Excerpted data.
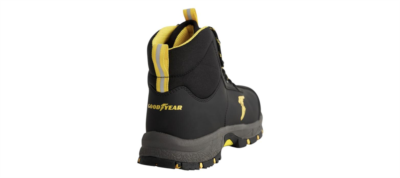 Goodyear GY53-310 Enduro Boot - detay görünüm
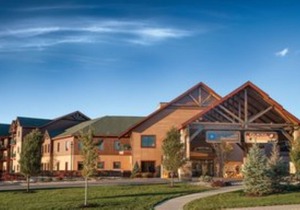 Two Bedroom Deluxe Luxury Condo, Glacier Canyon (1928565)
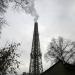 Дымовые трубы в городе Реутов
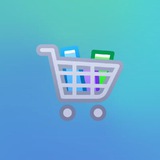 Telegram profile photo for Барахолка Белград blok30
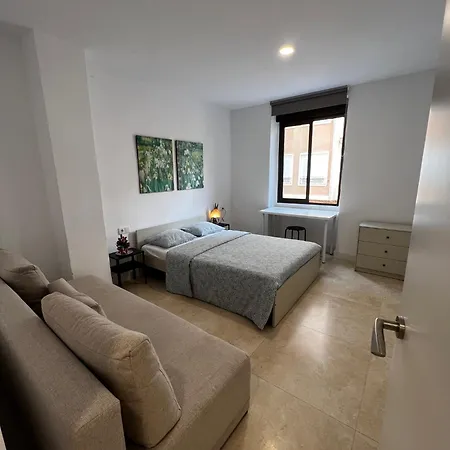 Aparthotel Soho Boho - With Sunny Rooftop Terrace And Fiber Optic Internet *
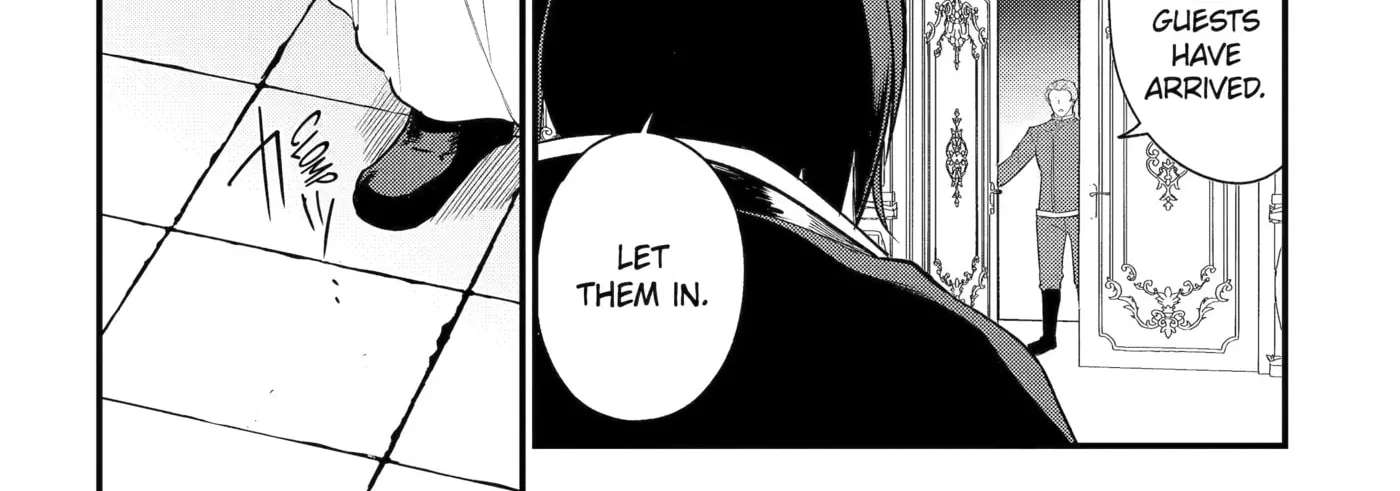 Sou da, Baikoku Shiyou: Tensai Ouji no Akaji Kokka Saisei Jutsu Chapter 290 - page 14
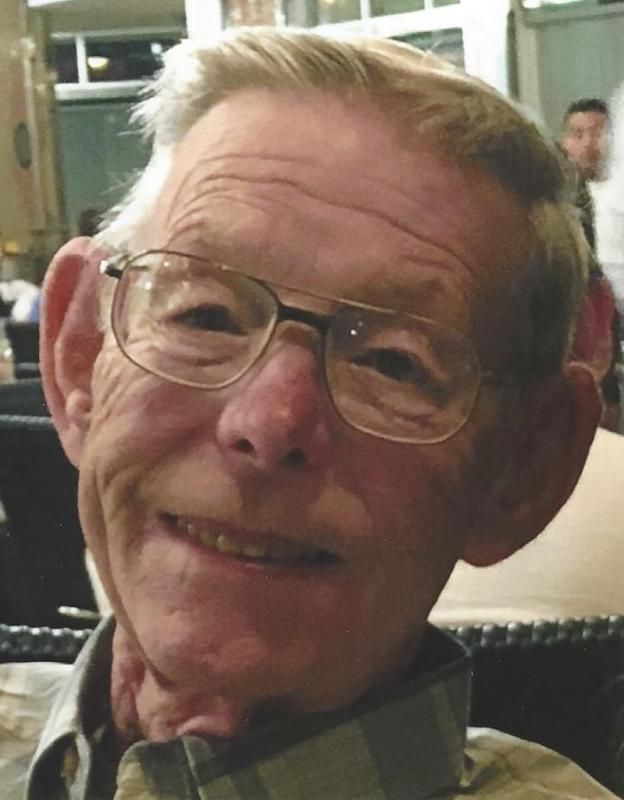 Robert Bob A. Horner Obituary - Visitation & Funeral Information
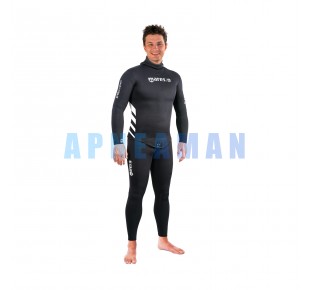 Neoprene suits - wetsuit Mares Apnea Instinct 30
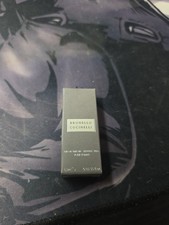Brunello Cucinelli POUR HOMME Eau de Parfum Perfume Sample Spray 1.5 ml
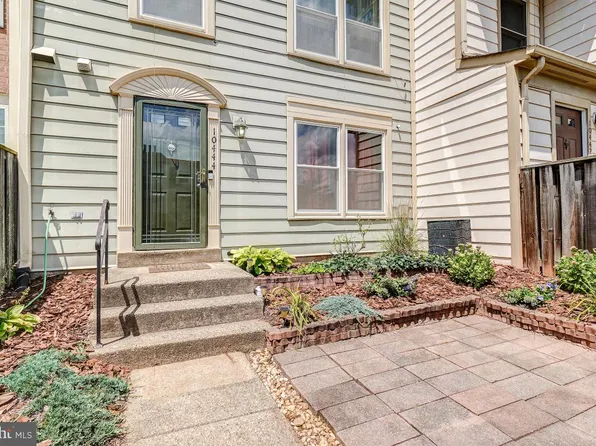 10444 Rapidan Ln, Manassas, VA 20109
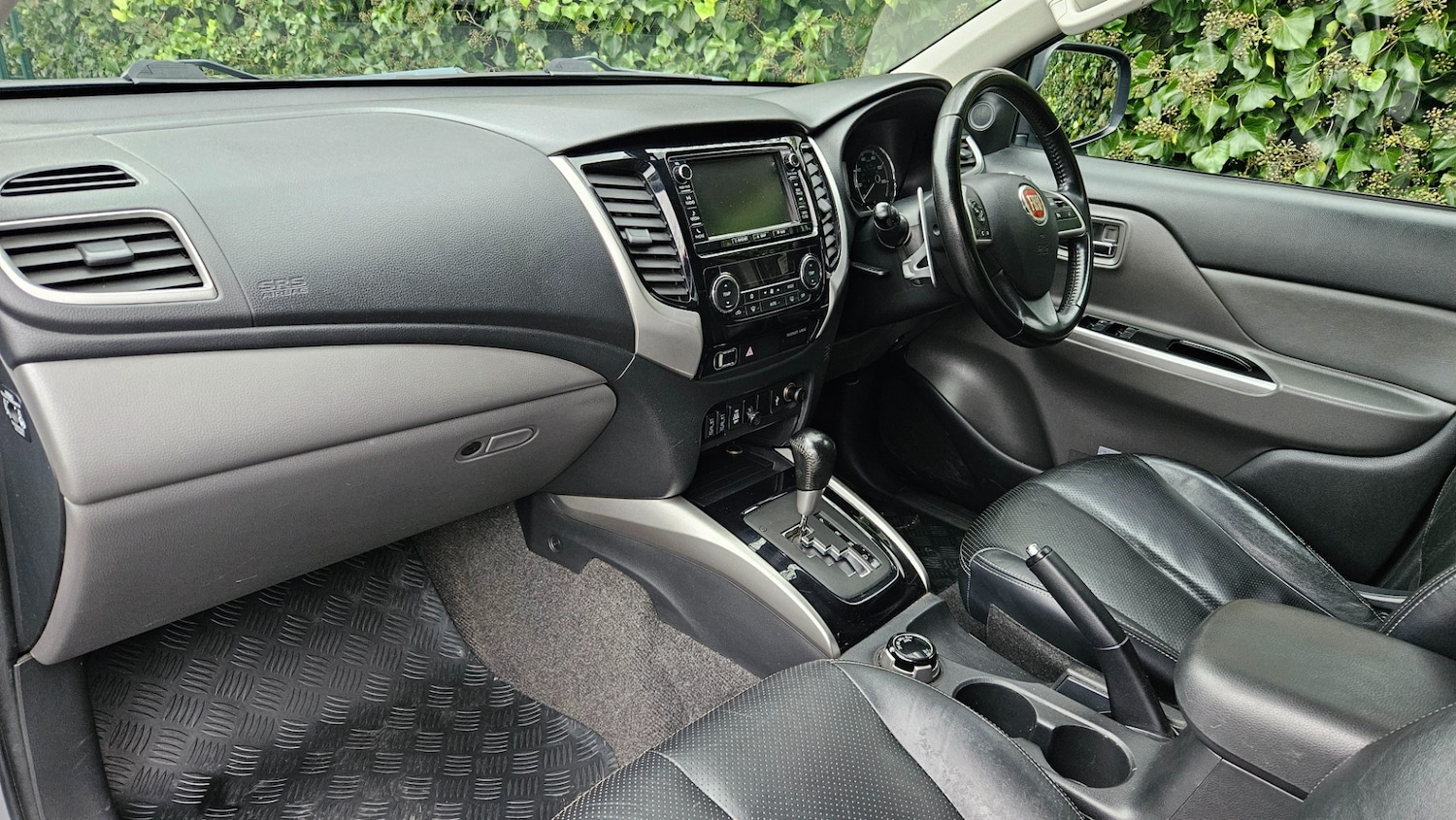 Used Fiat Fullback 2018 for sale - 77001484: Photo 12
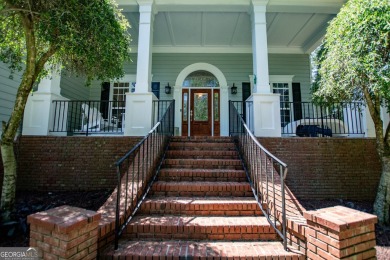 Private Retreat in a Premier Gated Community - 1.71 Acres with on Fairfield Plantation Golf and Country Club in Georgia - for sale on GolfHomes.com, golf home, golf lot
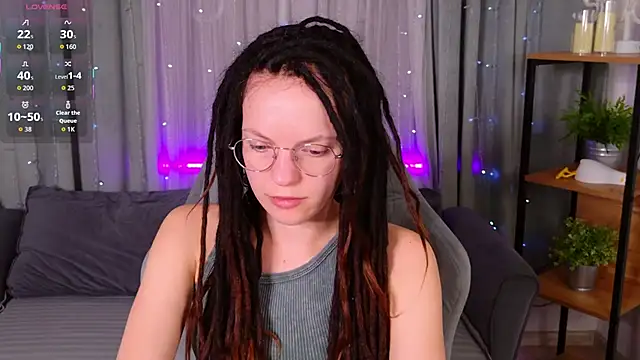 CoreyJane online show from 06-21-26, 04:59
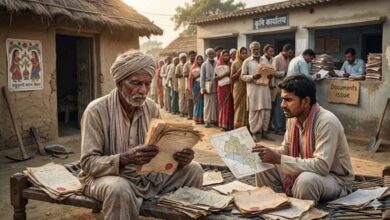 मधुबनी: पीएम किसान योजना के लिए केवल 55% किसानों की फार्मर रजिस्ट्री, किसानों में बढ़ी चिंता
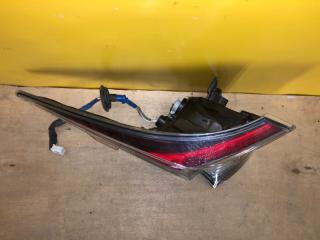 Фонарь наружный левый PRIUS 16-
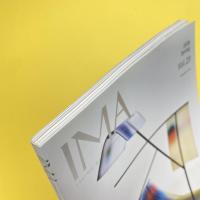 IMA 2018 Spring Vol.23 特集：立体化する写真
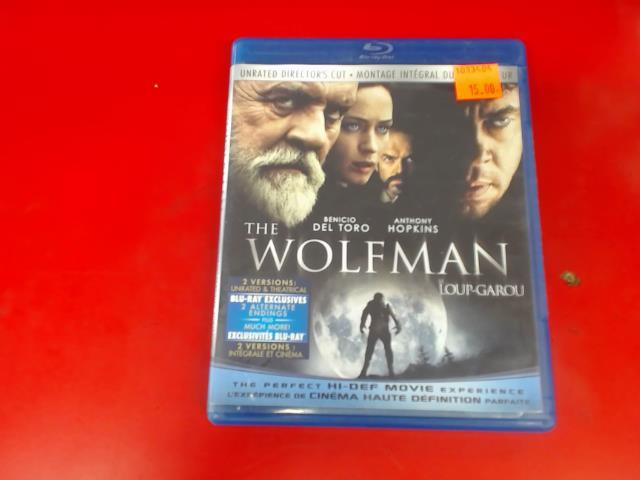 Wolfman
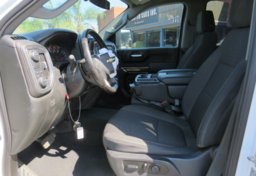 2020 Chevrolet Silverado 2500HD - Image 25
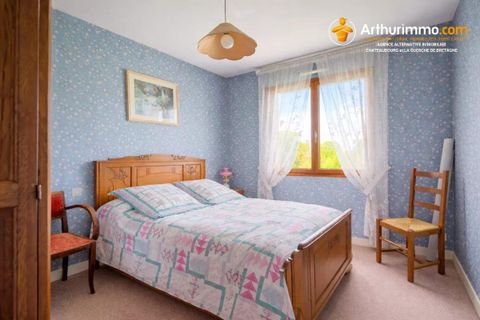 Landejendom i Etrelles, Ille-et-Vilaine, Etrelles - € 262.500 | Ref: getkey_u_529372196 - foto 8
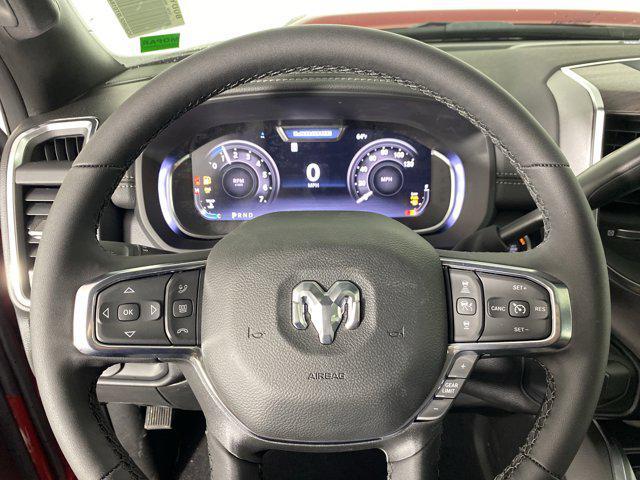 new 2026 Ram 2500 car, priced at $70,226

Exercise description.
Beginning at the line with "Neoprene suits - wetsuit", reproduce each line exactly through the last line of the records above, with pictures left out.

Exercise solution.
 Neoprene suits - wetsuit Mares Apnea Instinct 30
Brunello Cucinelli POUR HOMME Eau de Parfum Perfume Sample Spray 1.5 ml
 10444 Rapidan Ln, Manassas, VA 20109
 Used Fiat Fullback 2018 for sale - 77001484: Photo 12
 Private Retreat in a Premier Gated Community - 1.71 Acres with on Fairfield Plantation Golf and Country Club in Georgia - for sale on GolfHomes.com, golf home, golf lot
 CoreyJane online show from 06-21-26, 04:59
 मधुबनी: पीएम किसान योजना के लिए केवल 55% किसानों की फार्मर रजिस्ट्री, किसानों में बढ़ी चिंता
 Фонарь наружный левый PRIUS 16-
 IMA 2018 Spring Vol.23 特集：立体化する写真
 Wolfman
 2020 Chevrolet Silverado 2500HD - Image 25
 Landejendom i Etrelles, Ille-et-Vilaine, Etrelles - € 262.500 | Ref: getkey_u_529372196 - foto 8
 new 2026 Ram 2500 car, priced at $70,226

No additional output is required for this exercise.